As Royal Blue’s head golf professional, Andy Deiro explains that the club’s rental program was born out of a desire to elevate the traditional rental-club experience in which players are given few options—usually only a choice of regular- or stiff-shafted clubs. Beyond that, Royal Blue guests who rent clubs are provided with an opportunity to test out equipment and to learn which clubs work best with their swings—all under the supervision and guidance of a team that includes the Bahamas’ national amateur champion and highly skilled players who have competed in events on the Web.com tour and with the LPGA.

“The allure of those clubs is the fact that they’re very expensive,” Deiro says of the Itobori sets in the club’s rental program. “You hit them for two reasons: One, you’re a very good player, and you like the feel of a more traditional, forged golf club. Or, you’re the person who says, ‘They’re $12,000 a set, and I’m going to play with them, and I don’t care how I hit ’em because I’ve never done it before.’”

Despite the exotic nature of the Itoboris, it is Royal Blue’s eight sets of PXG clubs that sell out of the rental program on most days. If that should happen—and a guest who wanted to play with the PXGs is unable to—Deiro and his team will do their best to reserve a set for the guest if he or she has another round scheduled during his or her stay.

Multiple rounds are encouraged, not only because the rental-club program offers a chance to experiment with exclusive, hard-to-find equipment, but also because Deiro and Sean Cracraft, Royal Blue’s director of golf, move the course’s one set of tees forward, back, and also laterally—sometimes a little, sometimes a lot.
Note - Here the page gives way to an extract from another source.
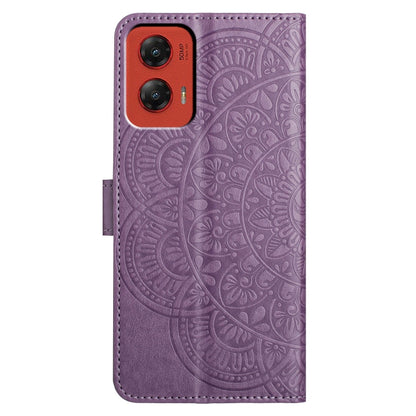 For Motorola Moto G Stylus 5G 2024 Flower Embossed Leather Phone Case(Purple) - Motorola Cases by buy2fix | Online Shopping UK | buy2fix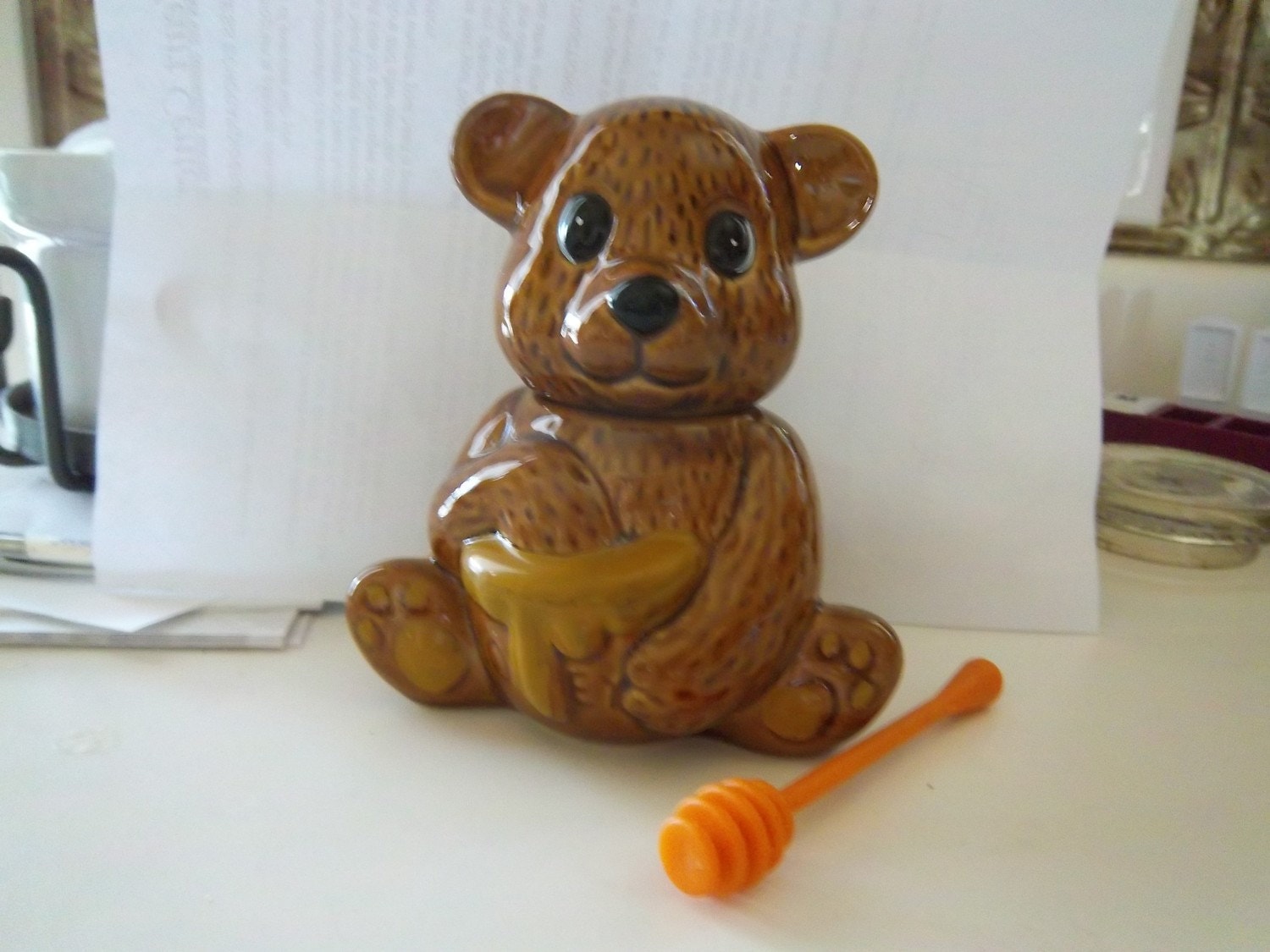 Vintage Ceramic Bear Honey Jar Etsy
That means the course plays noticeably—and in some cases drastically—different from one day to the next.

“We feel like this golf course is way too good for you to only see one little part of it,” says Deiro.

On most days, the Royal Blue tees play between 6,400 and 6,500 yards, but, as Deiro explains, the length of each hole and the placement of each tee box is merely a suggestion for what he and his team believe will offer golfers the most fun on that particular day. “If you think it’s too long or too short on any given hole,” he says, “play from wherever you want.

“We’re going to have a variety of some back tees, some middle tees, and some forward tees,” he continues, “but just know if you come back tomorrow, it will be a completely different golf course.”

That fact is quickly proven to me as I step on the first tee box to start my second round of my stay at the resort. The hole—a par-4 that plays slightly downhill to a green protected by two close bunkers on the right and a crescent-shaped pond 10 or 15 paces away from the putting surface on the left—measures only 358 yards on the scorecard. During my first round the day before, the tees were set close to that distance, which left me with only a 9-iron from the left side of the fairway after hitting a 3-wood off the tee. This time, the tees are set almost 50 yards farther back. After hitting—albeit poorly—a driver out to the right that is knocked down by the fronds of a palm tree just off the fairway, I am left with a semi-blind second shot about 200 yards from the green.

Many of the holes during my round, like the first one, play much different than they did during my previous round and require different strategies off the tee and on approach shots, oftentimes requiring far different club selections, too. It is no coincidence that on the days when some of the par-5s are unreachable in two shots, the pin placements are more challenging. “If I know a guy will be standing out there with a wedge,” says Cracraft, who typically sets the tee and hole locations each day, “I’m going to give him a more challenging wedge shot with those hole locations.”

The criteria for how drastically the tee locations are moved is influenced most by the list of tee-time reservations that day. Even if only one resort guest is returning to the course for another round, Deiro and Cracraft will make it a point to set up the course in a much different way than it was the days before. In fact, Cracraft has been known to relocate tees midday if a group of guests is scheduled to play twice on that day.

It may not be long before other courses back in the United States begin adopting a similar strategy. “We’ve had a lot of golf operators here that have come out and played,” says Deiro, “and they have said, ‘I like the idea. I don’t know that I’ll go to one set of tees, but you’ve shown me that I don’t need five sets of tees.’”

“When I move back to the States, which, eventually I will, and I build another golf course, this will definitely be one of the things that I take with me,” adds Cracraft. “If I was a member of a club and I didn’t know how the course was going to be set up each day, other than the total yardage was going to be comparable, to me that would be extremely interesting.”